• WORK REQUEST: Repeat only the lines below that run from the line with "Student August Jefferson" to the line with "Top view of", ends included; skip every picture.

• STUDY MATERIAL:
- - - - - - -
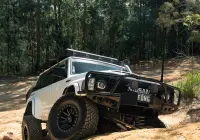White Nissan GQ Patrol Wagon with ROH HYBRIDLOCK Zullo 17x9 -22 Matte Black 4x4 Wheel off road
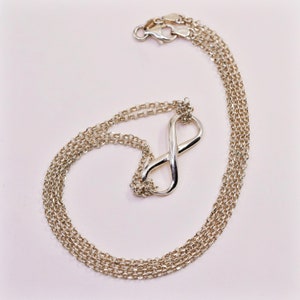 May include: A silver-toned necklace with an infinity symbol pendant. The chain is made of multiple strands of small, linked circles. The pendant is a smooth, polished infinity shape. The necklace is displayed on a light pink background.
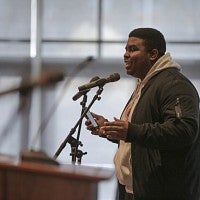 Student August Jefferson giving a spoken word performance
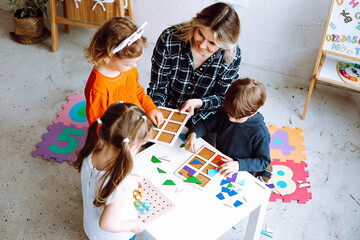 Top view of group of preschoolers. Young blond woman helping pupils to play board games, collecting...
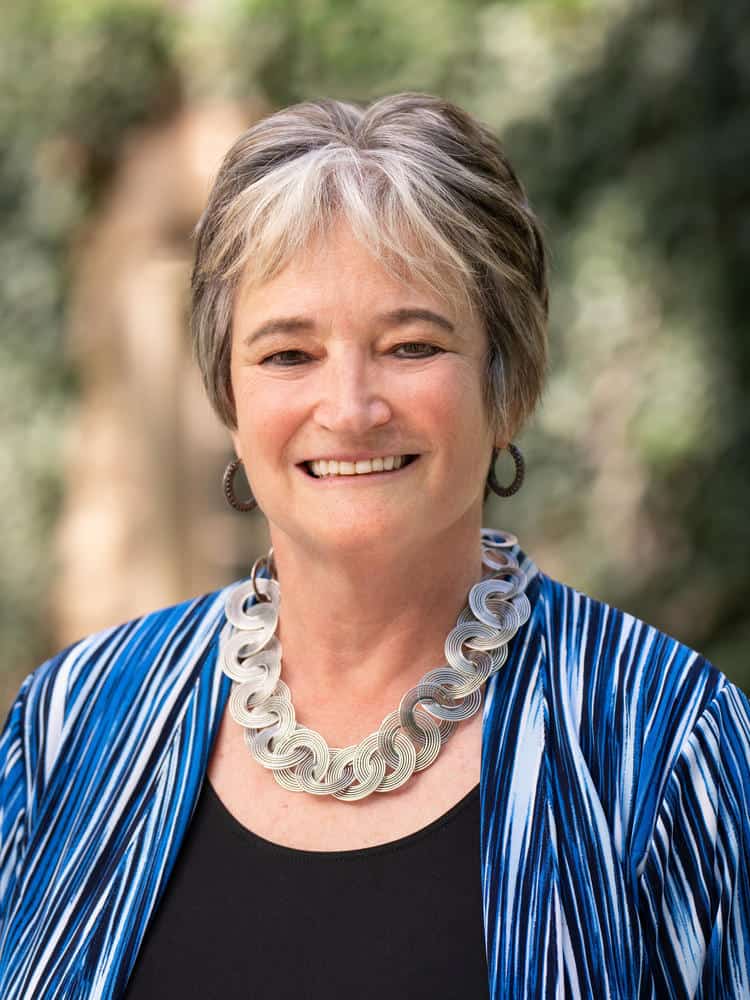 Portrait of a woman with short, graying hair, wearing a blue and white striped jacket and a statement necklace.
- - - - - - -
• ANSWER AREA:
 Student August Jefferson giving a spoken word performance
 Top view of group of preschoolers. Young blond woman helping pupils to play board games, collecting...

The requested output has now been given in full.